Exercise materials Start Marker

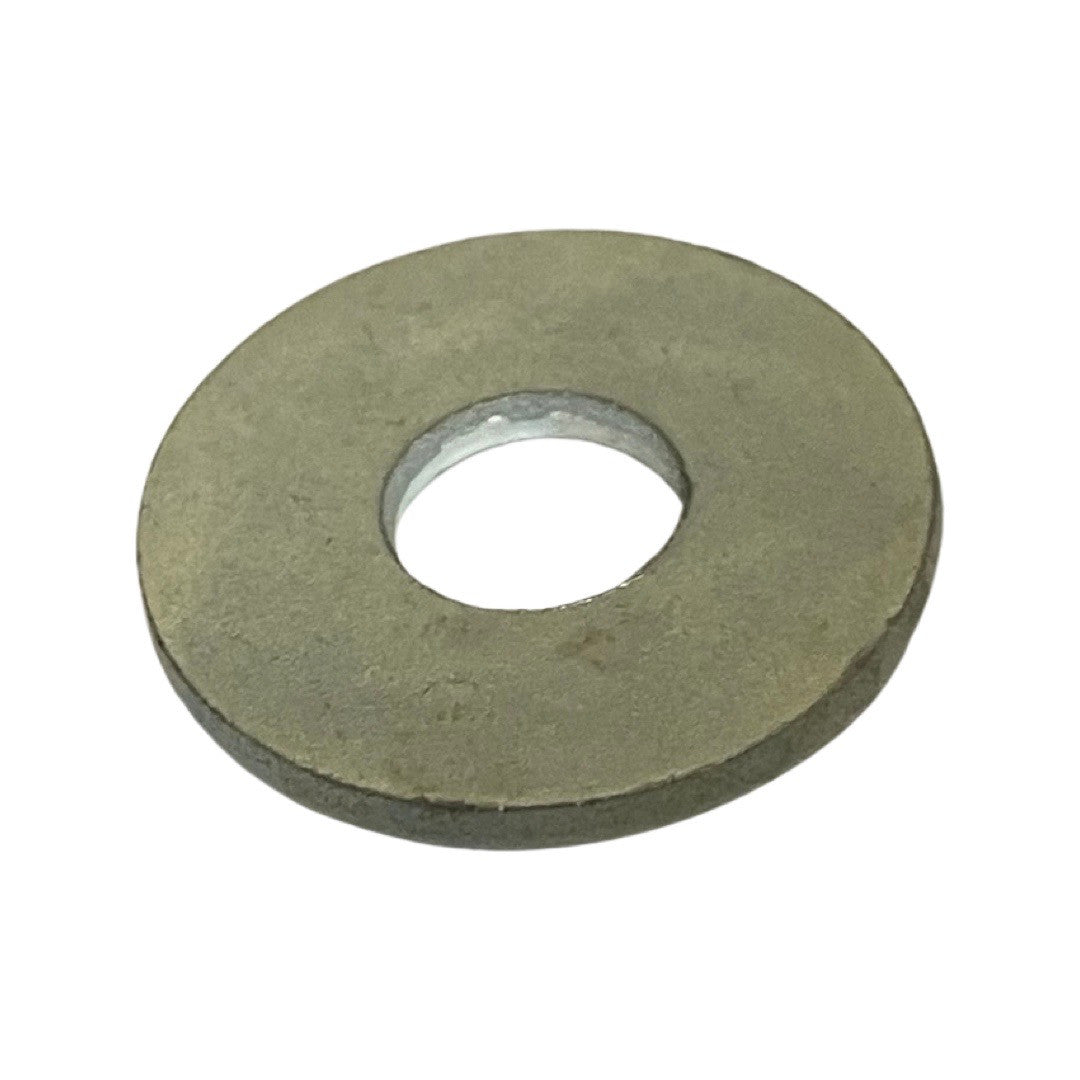 1102101 - Genuine Replacement Flat Washer for Selected Hyundai Machines Bottom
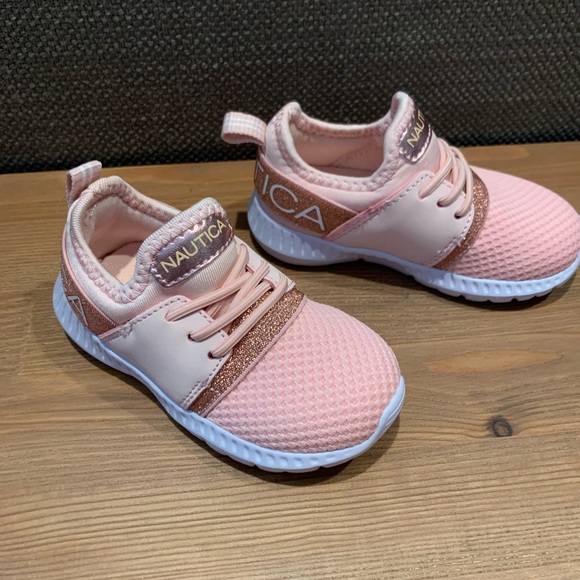 Nautica Toddler shoes - Picture 2 of 4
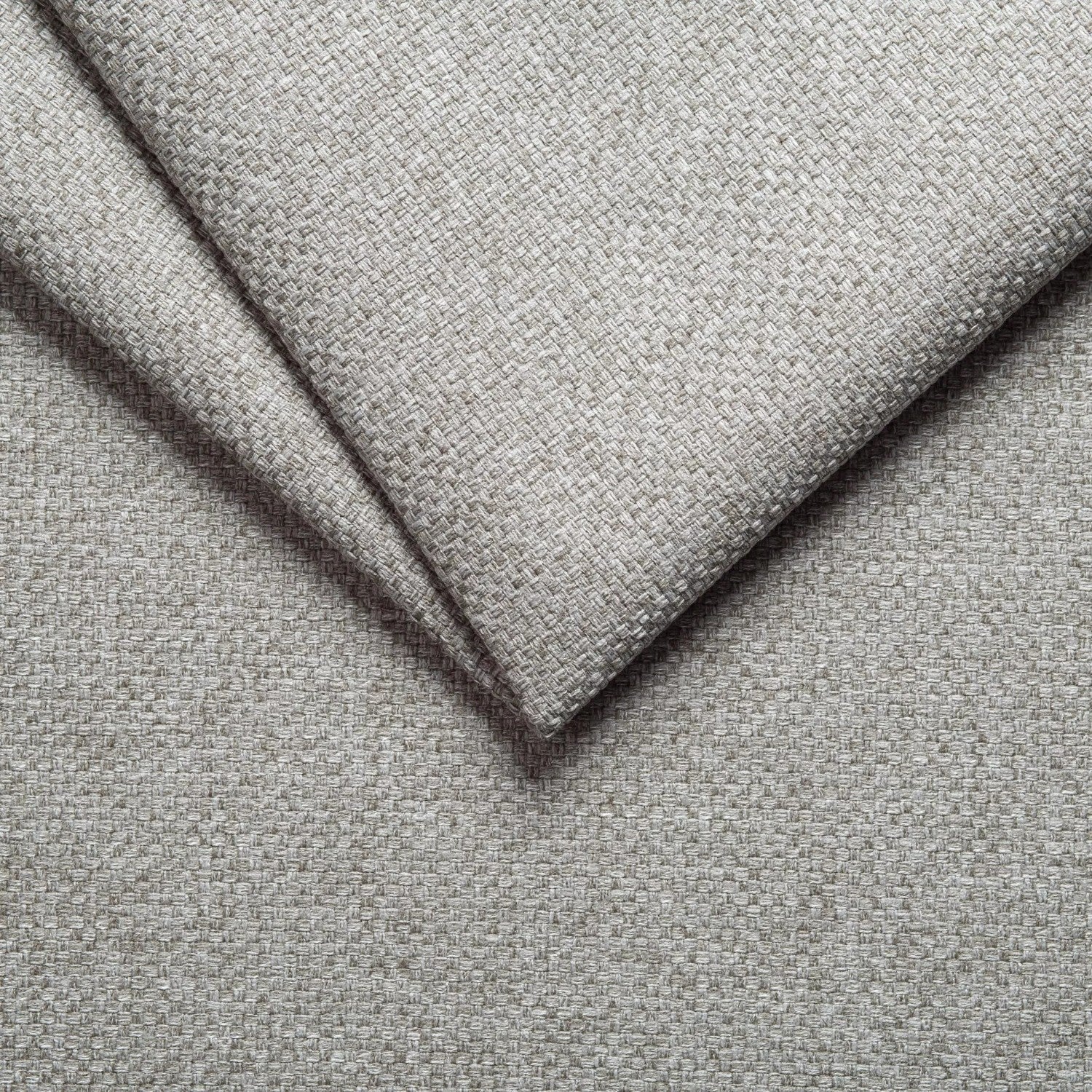 Upholstery Fabric FASHION - Silver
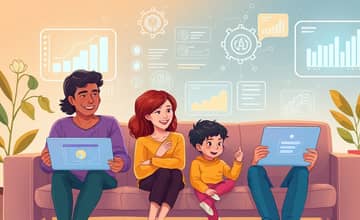 Smart Money Management: Integrating AI in Personal Finance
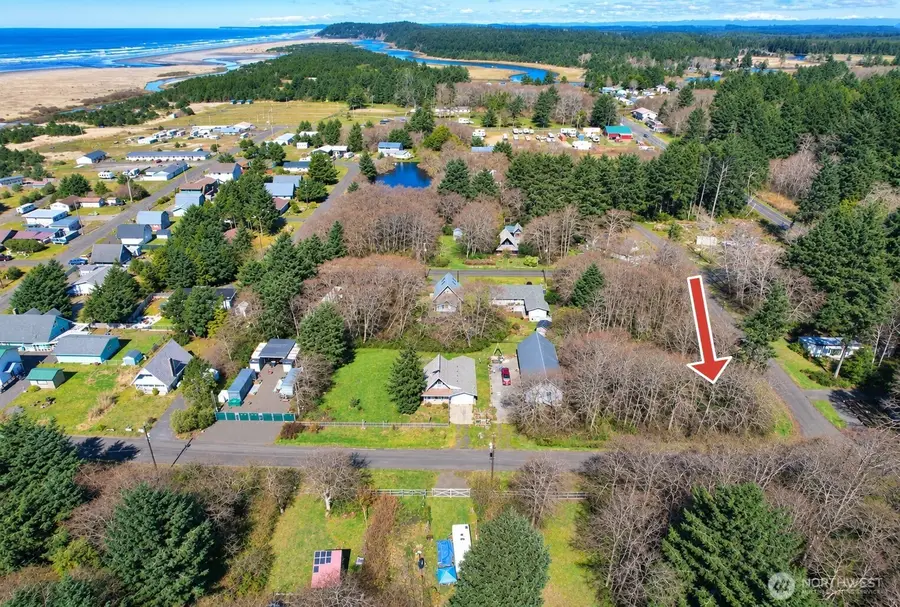 0 Woodland Lane, Copalis Beach, WA 98535 - #2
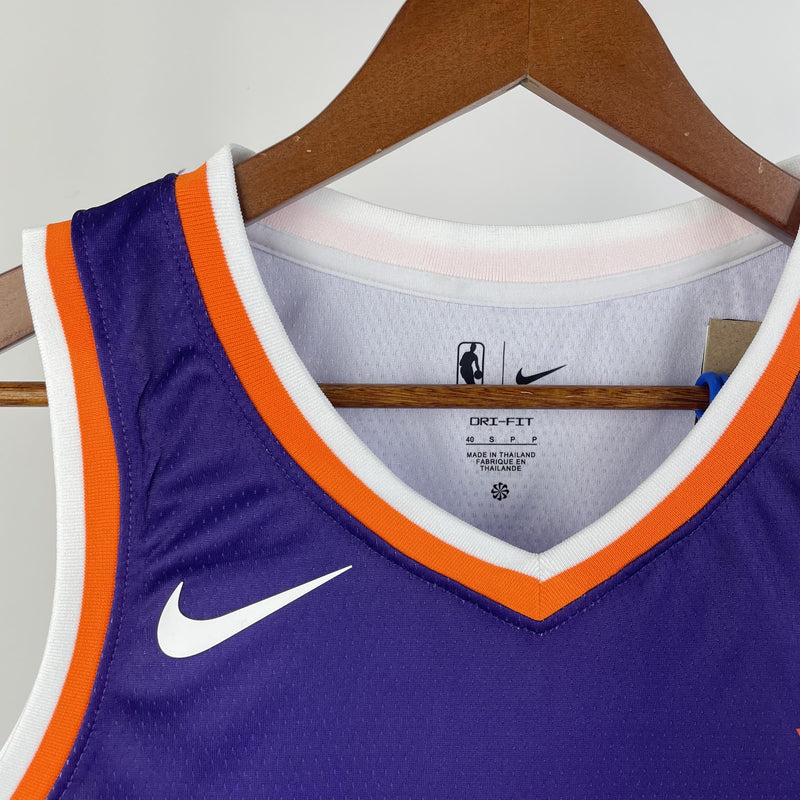 CAMISOLA NBA PHOENIX SUNS II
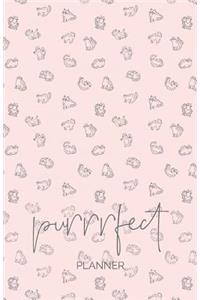 Purrrfect Planner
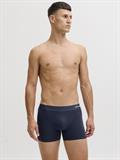 JACBASIC BAMBOO TRUNKS 3 PACK NOOS port royale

Exercise materials End Marker

Directions for this task:
What is needed is an exact transcription of the lines from the one containing "0 Woodland Lane, Copalis" through the last line of the records above, both included, with no pictures.

Response area:
 0 Woodland Lane, Copalis Beach, WA 98535 - #2
 CAMISOLA NBA PHOENIX SUNS II
 Purrrfect Planner
 JACBASIC BAMBOO TRUNKS 3 PACK NOOS port royale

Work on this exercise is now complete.